*** SOURCE MATERIAL Section Begins ***
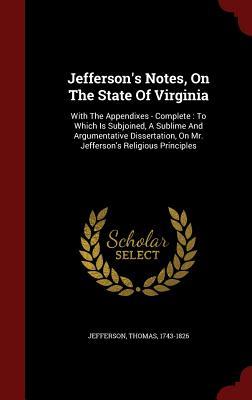 Jefferson's Notes, On The State Of Virginia: With The Appendixes - Complete : To Which Is Subjoined, A Sublime And Argumentative Dissertation, On Mr. Jefferson's Religious Principles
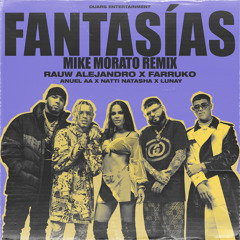 Rauw Alejandro ft Varios - Fantasías (Mike Morato Remix)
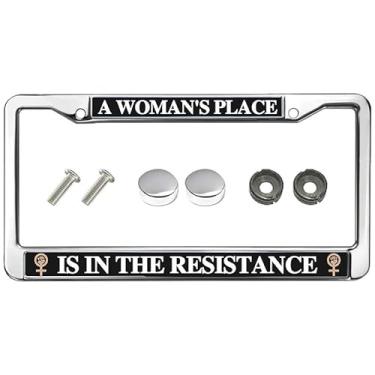 Imagem de A Woman's Place is in The Resistance Moldura de placa de carro cromada preta citações do dia da mulher Moldura de placa de licença cromada para carro citações do dia da mulher Moldura de placa de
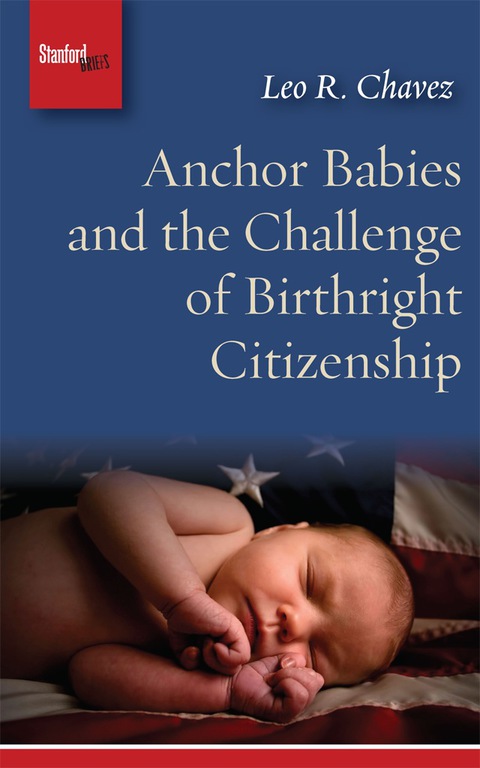 Cover image for book Anchor Babies and the Challenge of Birthright Citizenship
*** SOURCE MATERIAL Section Ends ***
_ASSIGNMENT_
The response is to contain exactly the lines from the beginning of the data through the line containing "Rauw Alejandro ft", both ends included, and nothing else; omit the pictures.

_RESULT_
 Jefferson's Notes, On The State Of Virginia: With The Appendixes - Complete : To Which Is Subjoined, A Sublime And Argumentative Dissertation, On Mr. Jefferson's Religious Principles
 Rauw Alejandro ft Varios - Fantasías (Mike Morato Remix)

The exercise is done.